Defendants furthermore assert that their actions were not the proximate cause of the Beneficiary Plaintiffs’ losses, because “Plaintiffs’ damages were caused by the theft of the trust assets by a third party, someone who took advantage of a personal relationship with Christine Backhouse.”  (Motion, p. 11.)  However, this asserted fact is not alleged in the SAC, which states only that the letter from Backhouse advising the Beneficiary Plaintiffs that the Trusts had suffered losses “suggested that the losses may have been a result of the trust’s assets being looted, stolen, embezzled or otherwise lost” and the Beneficiary Plaintiffs later learned “that the losses may  have been a result of Backhouse’s own breaches of fiduciary duties by negligently entrusting the assets to someone and not properly monitoring them.”  (SAC, ¶ 20.)  Given that the cause of the Trusts’ losses is not clearly alleged in the SAC, the Court cannot determine that the intervening act asserted by Defendants even occurred, let alone that it was not foreseeable to Defendants.  (See Landeros v.

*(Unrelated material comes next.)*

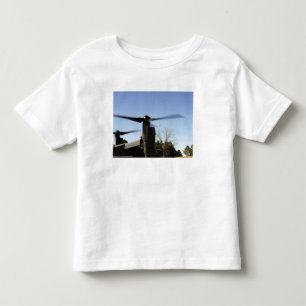 Ein Osprey CV-22 bereitet vor sich sich zu Kleinkind T-shirt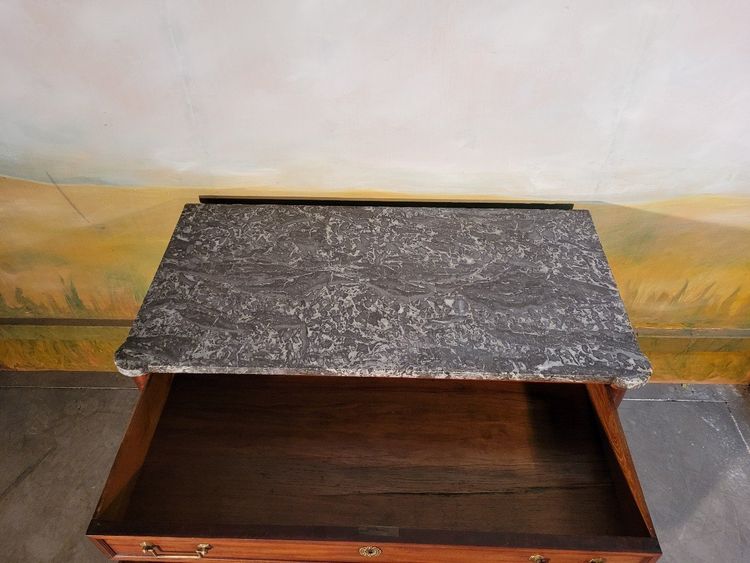 Petite commode Louis XVI En Acajou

Flood (1976) 17 Cal. 3d 399, 411 [an intervening act does not amount to a superseding cause relieving the negligent defendant of liability if it was reasonably foreseeable; foreseeability is generally a question for the jury].)

 

The demurrer to the Beneficiary Plaintiffs’ first and second causes of action is consequently OVERRULED.

 

Demurrer to the Third Cause of Action

 

Plaintiffs’ third cause of action is for recession of contract pursuant to Civil Code section 1689.  (SAC, ¶ 41.)  Through this claim, Plaintiffs seek to rescind the “contract for Backhouse as new trustee”: presumably, the 2009 “Appointment of Successor Trustee by Beneficiaries.”  However, to the extent this document (which was executed only by the Trusts’ beneficiaries) constitutes a contract, Defendants were not a party to it.  Accordingly, they are not proper defendants in an action to rescind the appointment of Backhouse as trustee.  (See Clancy v. Becker-Arbuckle-Wright Corp. (1934) 137 Cal.App. 43, 47 [“appellant was not entitled to a judgment for rescission against one who was not a party to the agreement”].)

 

The demurrer to the third cause of action is consequently SUSTAINED WITH 10 DAYS’ LEAVE TO AMEND on the ground that the third cause of action fails to state a claim against Defendants.